Con Django Unchained (2012) Tarantino si confronta per la prima volta con il western, omaggiando apertamente il Django di Sergio Corbucci con Franco Nero (che appare in un cameo). Questo personaggio sarà poi protagonista di una vera e propria saga, i cui film verranno diretti da registi diversi. Jamie Foxx è lo schiavo vendicatore, Christoph Waltz interpreta il dottor King Schultz (lato buono), mentre Leonardo DiCaprio è il sadico schiavista Calvin Candie. Come già fatto con gli ebrei in Bastardi, Tarantino dà voce alla rabbia afroamericana attraverso una violenza estrema. Arriva il secondo Oscar alla sceneggiatura.

Nel 2015 resta nel western con The Hateful Eight, una sorta di Le Iene ambientato nel Far West, con vecchi volti noti (Tim Roth, Michael Madsen). Molti lo considerano il film più debole della sua filmografia: la premessa è fortissima, ma lo svolgimento risulta meno ispirato.

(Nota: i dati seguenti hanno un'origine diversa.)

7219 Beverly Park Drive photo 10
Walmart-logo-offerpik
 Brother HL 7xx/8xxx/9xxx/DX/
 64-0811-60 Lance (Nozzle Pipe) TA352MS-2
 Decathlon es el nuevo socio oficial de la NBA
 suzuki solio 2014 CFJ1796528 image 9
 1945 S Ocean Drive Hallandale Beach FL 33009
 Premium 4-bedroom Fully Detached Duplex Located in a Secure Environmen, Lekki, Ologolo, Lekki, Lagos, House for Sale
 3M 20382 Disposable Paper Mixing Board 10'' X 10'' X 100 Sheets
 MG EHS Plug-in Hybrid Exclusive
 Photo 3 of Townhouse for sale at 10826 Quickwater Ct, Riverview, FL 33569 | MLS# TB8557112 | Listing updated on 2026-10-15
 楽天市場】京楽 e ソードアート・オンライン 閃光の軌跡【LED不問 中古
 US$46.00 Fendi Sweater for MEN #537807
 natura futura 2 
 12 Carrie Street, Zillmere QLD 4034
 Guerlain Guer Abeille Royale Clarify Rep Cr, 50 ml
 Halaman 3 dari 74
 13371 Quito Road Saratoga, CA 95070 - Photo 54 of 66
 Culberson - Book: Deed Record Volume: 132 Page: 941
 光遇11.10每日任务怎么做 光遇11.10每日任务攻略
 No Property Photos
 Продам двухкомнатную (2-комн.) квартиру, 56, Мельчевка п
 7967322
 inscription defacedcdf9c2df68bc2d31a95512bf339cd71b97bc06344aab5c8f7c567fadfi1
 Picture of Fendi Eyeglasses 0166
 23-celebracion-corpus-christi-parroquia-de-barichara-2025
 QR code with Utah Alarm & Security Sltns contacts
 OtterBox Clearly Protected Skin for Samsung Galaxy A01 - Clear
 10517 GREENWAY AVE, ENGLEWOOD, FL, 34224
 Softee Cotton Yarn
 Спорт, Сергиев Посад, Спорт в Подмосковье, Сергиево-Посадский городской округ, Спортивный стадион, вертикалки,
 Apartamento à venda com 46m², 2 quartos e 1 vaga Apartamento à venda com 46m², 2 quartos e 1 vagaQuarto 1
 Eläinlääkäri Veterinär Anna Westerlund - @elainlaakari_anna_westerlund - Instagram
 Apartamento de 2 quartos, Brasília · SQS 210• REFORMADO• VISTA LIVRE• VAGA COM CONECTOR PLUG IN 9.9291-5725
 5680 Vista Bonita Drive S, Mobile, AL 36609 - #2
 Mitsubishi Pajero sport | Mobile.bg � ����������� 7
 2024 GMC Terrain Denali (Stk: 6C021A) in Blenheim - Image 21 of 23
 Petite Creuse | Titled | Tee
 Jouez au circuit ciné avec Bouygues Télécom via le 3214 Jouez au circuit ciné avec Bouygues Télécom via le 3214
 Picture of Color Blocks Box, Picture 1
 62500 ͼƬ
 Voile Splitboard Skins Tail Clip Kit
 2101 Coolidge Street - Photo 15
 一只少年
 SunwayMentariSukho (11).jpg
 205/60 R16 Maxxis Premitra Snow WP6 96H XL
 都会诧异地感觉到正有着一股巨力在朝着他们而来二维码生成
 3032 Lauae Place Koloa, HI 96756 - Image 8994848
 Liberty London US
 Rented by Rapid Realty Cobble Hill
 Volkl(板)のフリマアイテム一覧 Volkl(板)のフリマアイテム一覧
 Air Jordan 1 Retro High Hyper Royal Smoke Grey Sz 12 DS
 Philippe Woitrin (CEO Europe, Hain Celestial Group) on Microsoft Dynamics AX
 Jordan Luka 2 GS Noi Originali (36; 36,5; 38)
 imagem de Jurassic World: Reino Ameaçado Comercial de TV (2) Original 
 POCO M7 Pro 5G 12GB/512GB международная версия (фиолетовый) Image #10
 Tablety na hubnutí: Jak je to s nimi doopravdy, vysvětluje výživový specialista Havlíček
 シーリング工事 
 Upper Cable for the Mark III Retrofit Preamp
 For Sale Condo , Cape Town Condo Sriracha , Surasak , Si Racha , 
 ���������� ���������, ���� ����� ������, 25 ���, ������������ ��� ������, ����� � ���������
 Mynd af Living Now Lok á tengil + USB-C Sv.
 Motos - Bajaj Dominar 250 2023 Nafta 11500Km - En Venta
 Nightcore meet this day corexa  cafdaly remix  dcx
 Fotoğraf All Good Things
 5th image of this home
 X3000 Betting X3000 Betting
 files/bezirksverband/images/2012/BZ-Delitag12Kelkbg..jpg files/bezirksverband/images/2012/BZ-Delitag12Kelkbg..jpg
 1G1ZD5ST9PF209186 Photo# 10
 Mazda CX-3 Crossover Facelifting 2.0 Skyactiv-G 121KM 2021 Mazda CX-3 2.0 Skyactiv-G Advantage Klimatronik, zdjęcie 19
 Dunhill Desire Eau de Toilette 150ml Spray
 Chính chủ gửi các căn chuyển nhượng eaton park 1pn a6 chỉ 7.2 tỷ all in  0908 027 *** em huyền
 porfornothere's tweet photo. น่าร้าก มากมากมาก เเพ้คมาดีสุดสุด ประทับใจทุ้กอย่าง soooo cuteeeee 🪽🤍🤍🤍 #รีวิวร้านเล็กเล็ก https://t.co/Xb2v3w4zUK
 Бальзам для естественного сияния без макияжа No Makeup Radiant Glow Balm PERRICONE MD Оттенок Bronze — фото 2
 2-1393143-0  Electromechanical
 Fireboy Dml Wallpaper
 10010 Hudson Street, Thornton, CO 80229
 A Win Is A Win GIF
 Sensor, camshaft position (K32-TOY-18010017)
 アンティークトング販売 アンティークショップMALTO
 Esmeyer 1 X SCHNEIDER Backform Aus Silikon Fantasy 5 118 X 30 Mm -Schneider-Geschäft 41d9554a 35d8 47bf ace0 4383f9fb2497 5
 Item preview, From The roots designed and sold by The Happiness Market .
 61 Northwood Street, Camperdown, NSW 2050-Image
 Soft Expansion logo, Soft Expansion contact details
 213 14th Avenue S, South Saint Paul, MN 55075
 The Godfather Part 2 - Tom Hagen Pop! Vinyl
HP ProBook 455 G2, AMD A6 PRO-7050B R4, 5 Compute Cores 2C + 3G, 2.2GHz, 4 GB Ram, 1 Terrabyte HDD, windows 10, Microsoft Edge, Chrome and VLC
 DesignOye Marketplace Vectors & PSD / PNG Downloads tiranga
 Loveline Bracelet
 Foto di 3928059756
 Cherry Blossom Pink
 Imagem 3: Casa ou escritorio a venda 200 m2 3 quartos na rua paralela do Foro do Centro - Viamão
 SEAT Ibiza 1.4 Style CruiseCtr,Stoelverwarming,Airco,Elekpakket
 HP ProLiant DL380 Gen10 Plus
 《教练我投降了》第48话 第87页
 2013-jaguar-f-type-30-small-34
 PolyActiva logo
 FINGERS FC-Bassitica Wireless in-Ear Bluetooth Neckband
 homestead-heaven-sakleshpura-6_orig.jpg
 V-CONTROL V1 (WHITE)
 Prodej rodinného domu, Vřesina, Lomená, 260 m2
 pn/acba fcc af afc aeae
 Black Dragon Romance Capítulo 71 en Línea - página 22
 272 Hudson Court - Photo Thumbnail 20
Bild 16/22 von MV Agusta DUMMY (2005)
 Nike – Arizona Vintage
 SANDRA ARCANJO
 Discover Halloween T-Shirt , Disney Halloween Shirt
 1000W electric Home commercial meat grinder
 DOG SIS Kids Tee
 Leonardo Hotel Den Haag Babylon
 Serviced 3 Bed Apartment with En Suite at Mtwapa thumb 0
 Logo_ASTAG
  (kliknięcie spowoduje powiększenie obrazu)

Nel 2019 esce quello che per ora resta il suo ultimo film, C’era una volta a… Hollywood, titolo che omaggia Sergio Leone. Ancora una volta un’ucronia: stavolta al centro c’è l’omicidio di Sharon Tate (Margot Robbie), moglie di Roman Polanski, scongiurato nel finale. I veri protagonisti sono Leonardo DiCaprio e Brad Pitt, coppia che richiama Newman e Redford in Butch Cassidy. Manson appare solo marginalmente: la storia della Tate fa da sfondo alla vicenda di Rick Dalton e Cliff Booth. L’attesa per la classica esplosione di violenza tarantiniana viene costruita con maestria fino al finale. A Brad Pitt va l’Oscar per Cliff Booth; di recente Netflix ha prodotto uno spin-off su questo personaggio, scritto da Tarantino e diretto da David Fincher.


C’era una volta a… Hollywood è il nono film di Tarantino. Come noto, il decimo dovrebbe essere l’ultimo. Il regista sta avendo difficoltà a scegliere il progetto giusto per chiudere la carriera, ma nel frattempo si è dedicato ad altro: ha pubblicato libri, scritto un’opera teatrale in arrivo a Londra e si è trasferito in Israele con la moglie Daniella Pick e i due figli. I fan attendono con ansia quel decimo capitolo, consapevoli però che Tarantino ha scelto di fermarsi al momento giusto, anche se con un pizzico di amarezza.